Lester Patrick Award Luncheon

Photo: Scott A. Schneider / Getty Images Sport / Getty Images

All 32 teams that compete in the National Hockey League are eligible to win the Stanley Cup. When founding owner Bob Naegele Jr. and his group was granted an NHL expansion franchise in 1997, the path to Stanley Cup eligibility began. A few years later on October 6, 2000, the Wild took to the ice in Anaheim to play the Mighty Ducks and as soon as the puck dropped, the Minnesota Wild were eligible to win the Stanley Cup as early as 2001.

As long as the Wild continue to compete in the National Hockey League, they will continue to be eligible to win the Stanley Cup. This includes the upcoming 2023-24 NHL season.

2. The Xcel Energy Center

The 200 by 85 foot sheet of ice strategically inserted into the middle of the Xcel Energy Center is measured to the exact specifications deemed necessary to host a professional ice hockey game sanctioned by the NHL. When the Xcel Energy Center was built, architects were careful to ensure that the building could accommodate an NHL team, including the possibility that the aforementioned team could, theoretically, go all the way to the Stanley Cup Final. This includes installing a refrigeration system that has the ability to keep the ice cold enough to host hockey games well into the summer months, when the Stanley Cup Final is traditionally held.

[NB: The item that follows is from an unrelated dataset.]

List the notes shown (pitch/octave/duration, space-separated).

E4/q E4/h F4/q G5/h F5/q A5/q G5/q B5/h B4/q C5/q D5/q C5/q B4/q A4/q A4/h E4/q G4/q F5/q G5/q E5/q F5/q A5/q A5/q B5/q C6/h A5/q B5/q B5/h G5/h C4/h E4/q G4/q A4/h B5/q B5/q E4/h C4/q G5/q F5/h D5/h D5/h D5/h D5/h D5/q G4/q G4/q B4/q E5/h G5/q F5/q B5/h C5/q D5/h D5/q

The building was also built large enough to accommodate an NHL sized crowd, up to the year 2000 standards. Though the definition of "NHL sized crowd" has since changed due to the Arizona Coyotes moving into an Aldrich Arena-sized venue in Tempe.

3. Mutually Assured Destruction

Since it was first awarded in 1893, the Stanley Cup has only gone unawarded twice; the Spanish Flu epidemic put an early end to the 1919 playoffs and the infamous lockout prevented the Wild from competing for a Stanley Cup in 2005. Most experts agree that, as resilient as the Cup has been for over a century, a nuclear war could put the Stanley Cup Playoffs at risk of postponement, or worse, cancellation.

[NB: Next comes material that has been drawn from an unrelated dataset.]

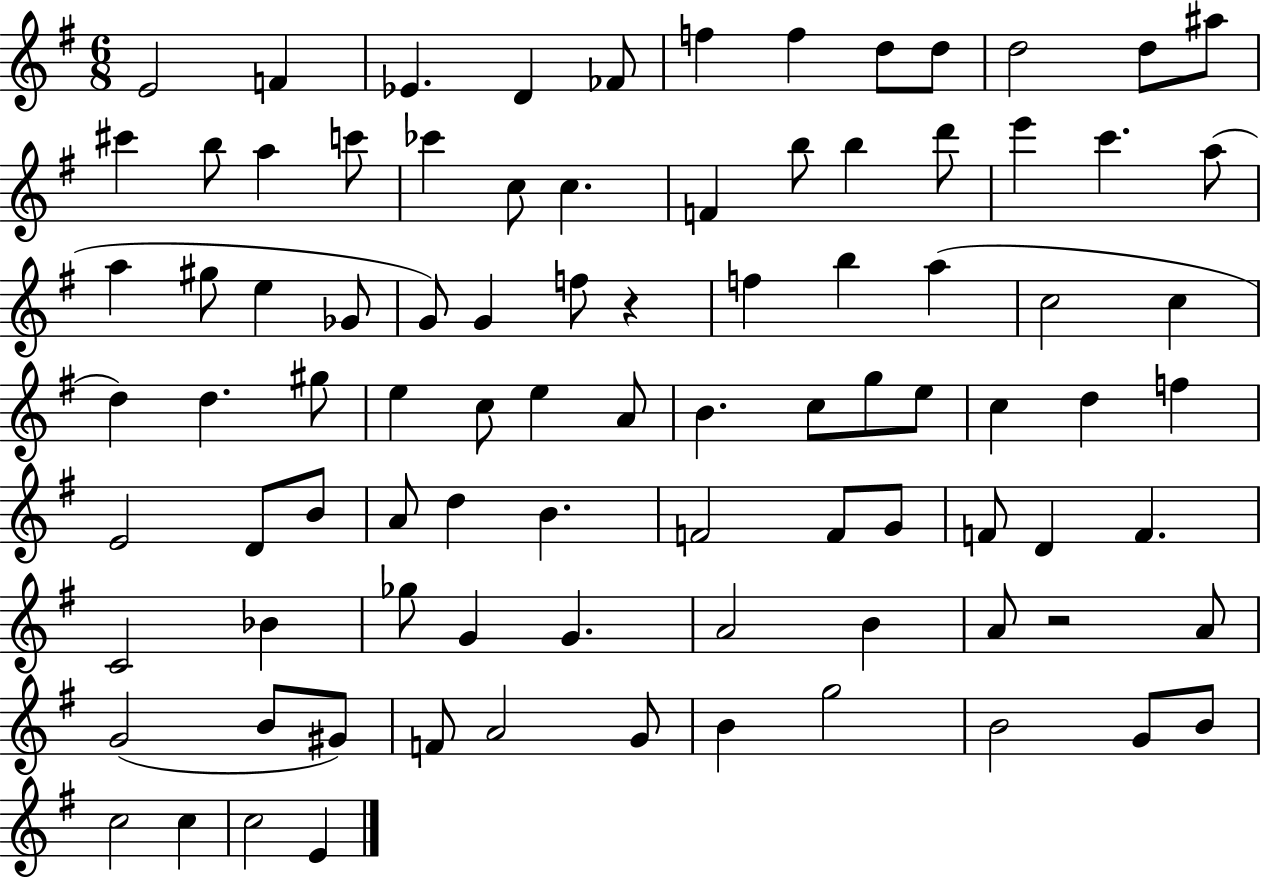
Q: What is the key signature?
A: G major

Thankfully, all of the world superpowers possess enough nuclear weapons to melt Lord Stanley's Cup down to ash at the sound of a phone ringing, some code exchanges, a few key turns and a desperate prayer to a Deity of the decision maker's choice to show him or her mercy for what they are about to do. It is theorized that the use of a nuclear weapon could very easily escalate into a global nuclear war, which many consider not in the best interests of a continued presence on Earth by humans, as well as the continued awarding of the Stanley Cup. Therefore the countries who possess weapons that threaten the future of the Stanley Cup playoffs and life as we know it are heavily incentivized to not use their respective Armageddon starter kits.

As long as the world avoids a nuclear conflict, the Wild should have no problems competing for a Stanley Cup this year. Fingers crossed!